ASSIGNED TASK — From the listing below, copy only the lines from the line that contains "Bowl of vegan" to the line that contains "and summer. Clothes", counting those two lines as part of the copy.

DATA SUPPLIED —
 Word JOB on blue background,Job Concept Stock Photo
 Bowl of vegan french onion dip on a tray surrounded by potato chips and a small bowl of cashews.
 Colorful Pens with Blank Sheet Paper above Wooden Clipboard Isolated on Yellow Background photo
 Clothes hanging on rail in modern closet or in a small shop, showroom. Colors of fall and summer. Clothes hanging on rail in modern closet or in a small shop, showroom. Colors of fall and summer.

--

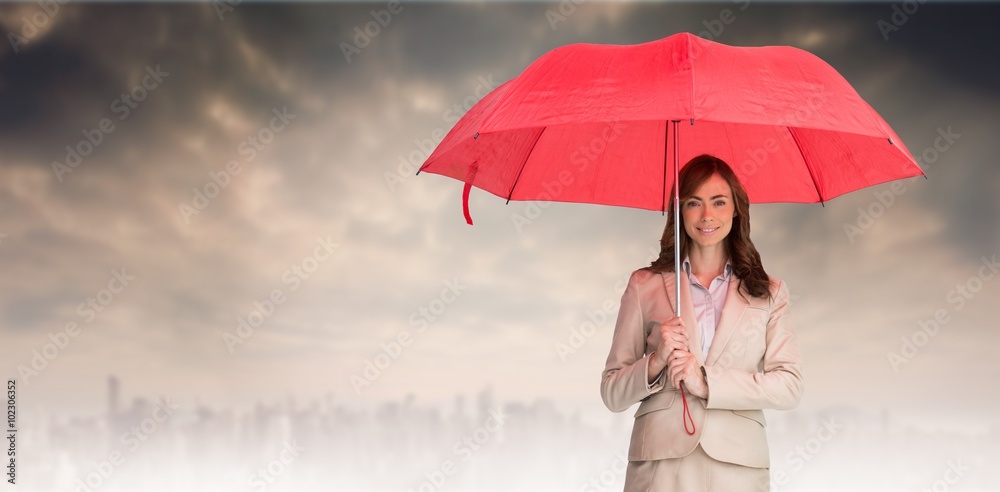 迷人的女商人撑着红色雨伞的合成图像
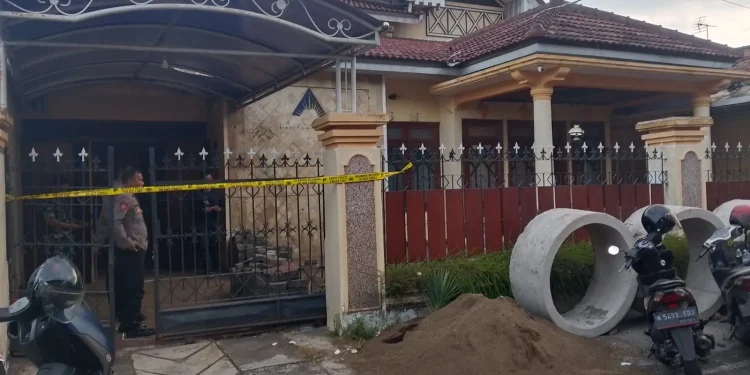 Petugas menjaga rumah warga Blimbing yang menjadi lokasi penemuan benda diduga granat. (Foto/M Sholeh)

---

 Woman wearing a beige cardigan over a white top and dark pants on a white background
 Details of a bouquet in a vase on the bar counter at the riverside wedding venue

ANSWER FOR THIS EXERCISE —
 Bowl of vegan french onion dip on a tray surrounded by potato chips and a small bowl of cashews.
 Colorful Pens with Blank Sheet Paper above Wooden Clipboard Isolated on Yellow Background photo
 Clothes hanging on rail in modern closet or in a small shop, showroom. Colors of fall and summer. Clothes hanging on rail in modern closet or in a small shop, showroom. Colors of fall and summer.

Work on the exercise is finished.